--- RECORDS FOR THIS TASK Enclosed Below ---

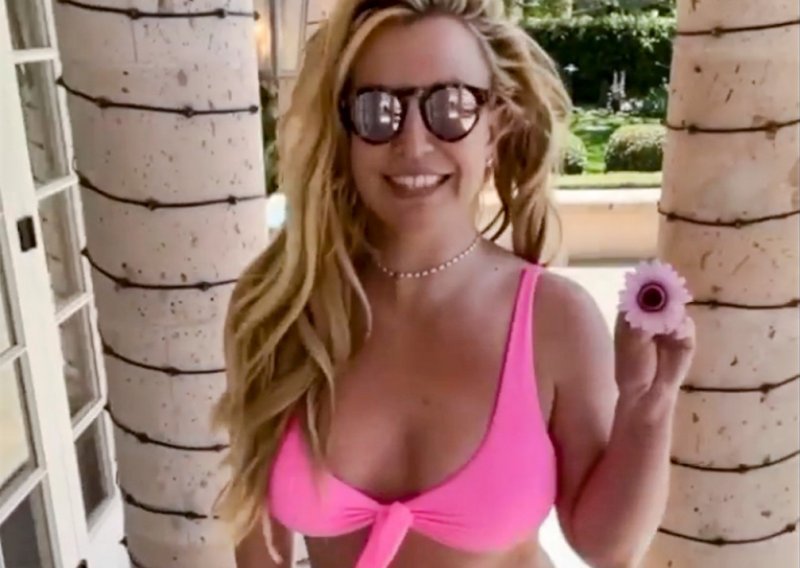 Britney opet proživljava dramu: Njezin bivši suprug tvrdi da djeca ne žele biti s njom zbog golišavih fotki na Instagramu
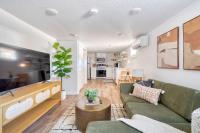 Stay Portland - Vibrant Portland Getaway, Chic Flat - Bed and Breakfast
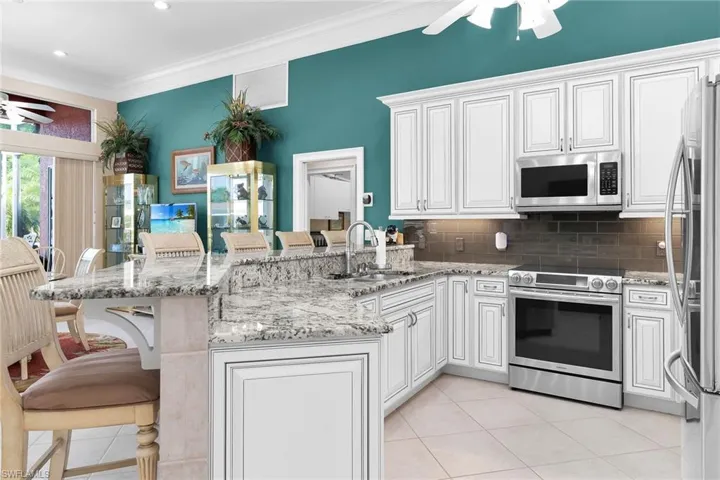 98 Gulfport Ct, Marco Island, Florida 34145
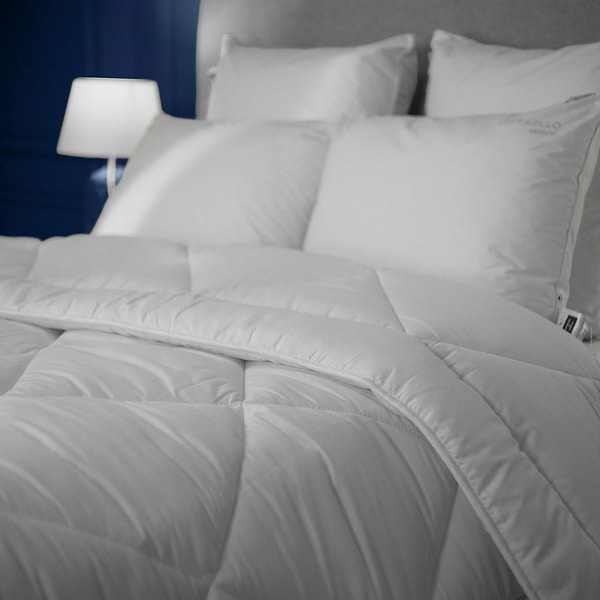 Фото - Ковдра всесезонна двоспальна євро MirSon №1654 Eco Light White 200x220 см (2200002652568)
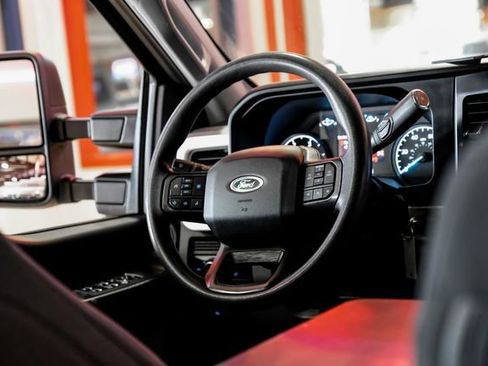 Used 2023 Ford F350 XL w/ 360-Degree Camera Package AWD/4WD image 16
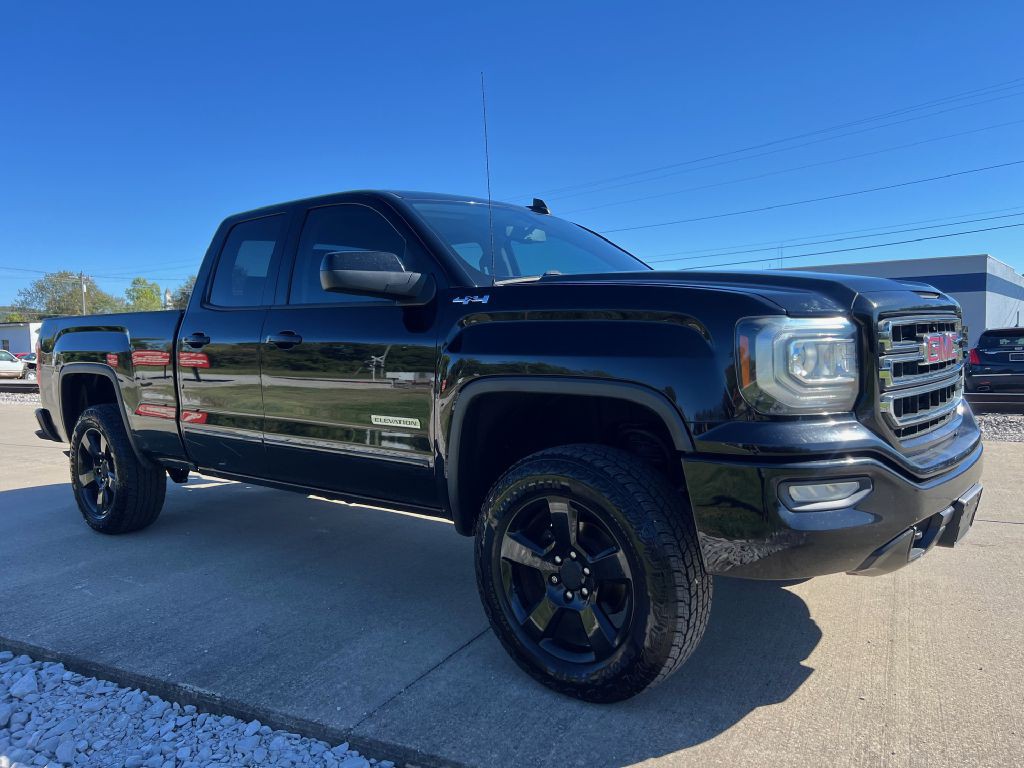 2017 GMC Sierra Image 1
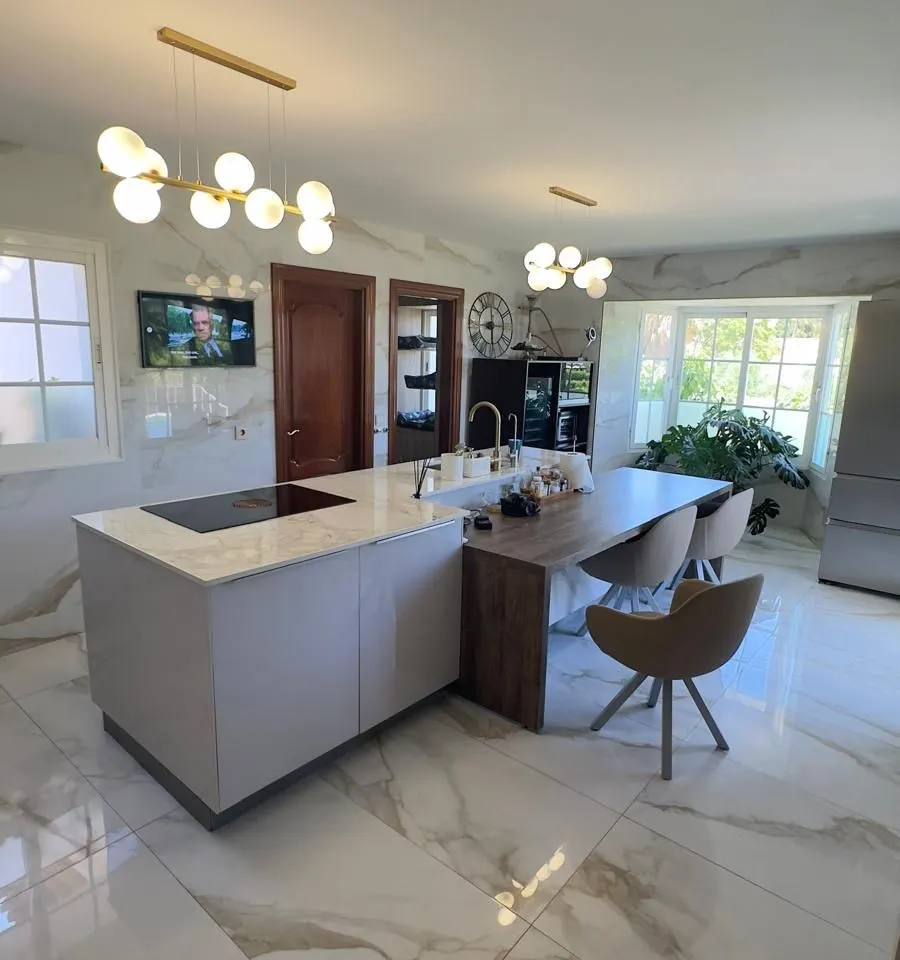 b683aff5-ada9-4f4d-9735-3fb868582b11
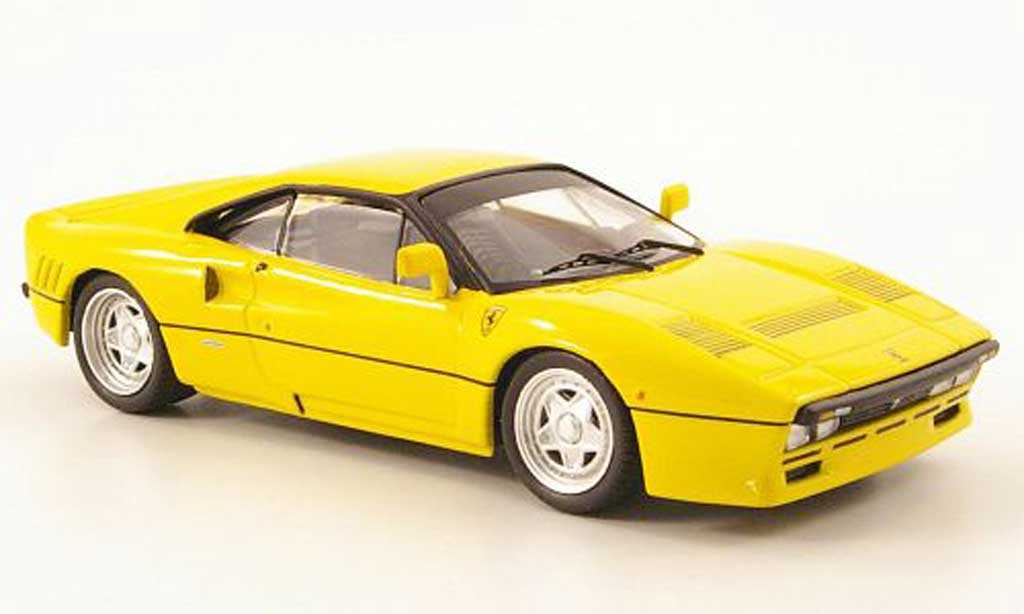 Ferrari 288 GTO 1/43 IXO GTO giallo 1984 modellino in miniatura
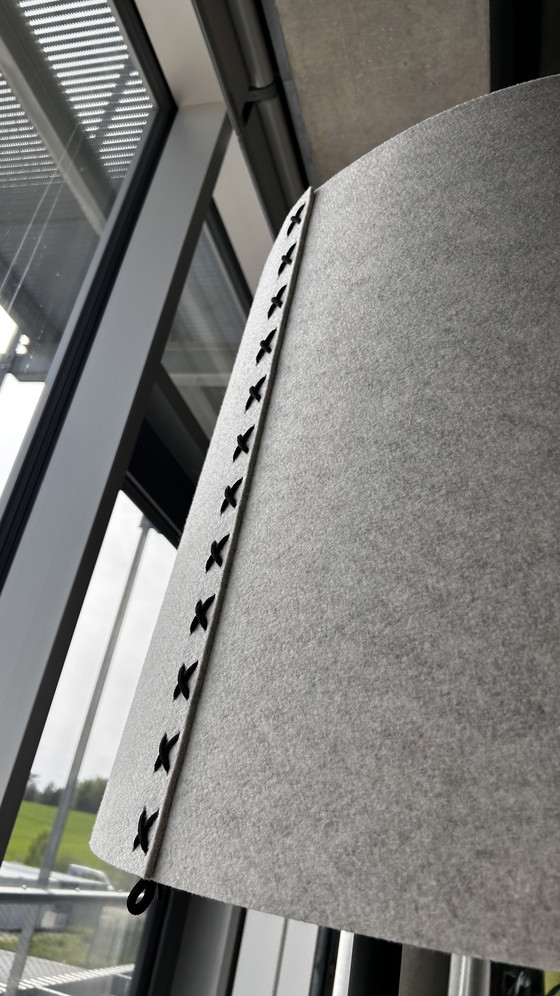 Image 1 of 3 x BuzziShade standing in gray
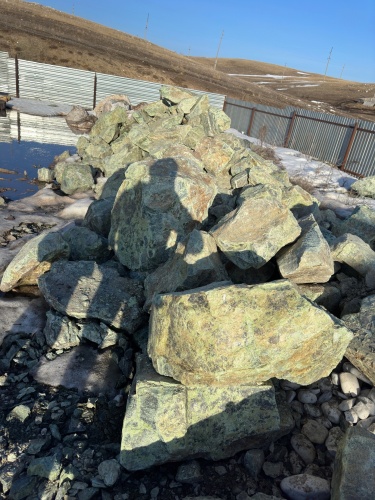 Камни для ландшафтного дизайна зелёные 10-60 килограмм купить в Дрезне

--- End of Enclosed RECORDS FOR THIS TASK ---

### YOUR ASSIGNMENT
Word for word, retype all of the data above, but include no pictures.

### EXERCISE RESPONSE
 Britney opet proživljava dramu: Njezin bivši suprug tvrdi da djeca ne žele biti s njom zbog golišavih fotki na Instagramu
 Stay Portland - Vibrant Portland Getaway, Chic Flat - Bed and Breakfast
 98 Gulfport Ct, Marco Island, Florida 34145
 Фото - Ковдра всесезонна двоспальна євро MirSon №1654 Eco Light White 200x220 см (2200002652568)
 Used 2023 Ford F350 XL w/ 360-Degree Camera Package AWD/4WD image 16
 2017 GMC Sierra Image 1
 b683aff5-ada9-4f4d-9735-3fb868582b11
 Ferrari 288 GTO 1/43 IXO GTO giallo 1984 modellino in miniatura
 Image 1 of 3 x BuzziShade standing in gray
 Камни для ландшафтного дизайна зелёные 10-60 килограмм купить в Дрезне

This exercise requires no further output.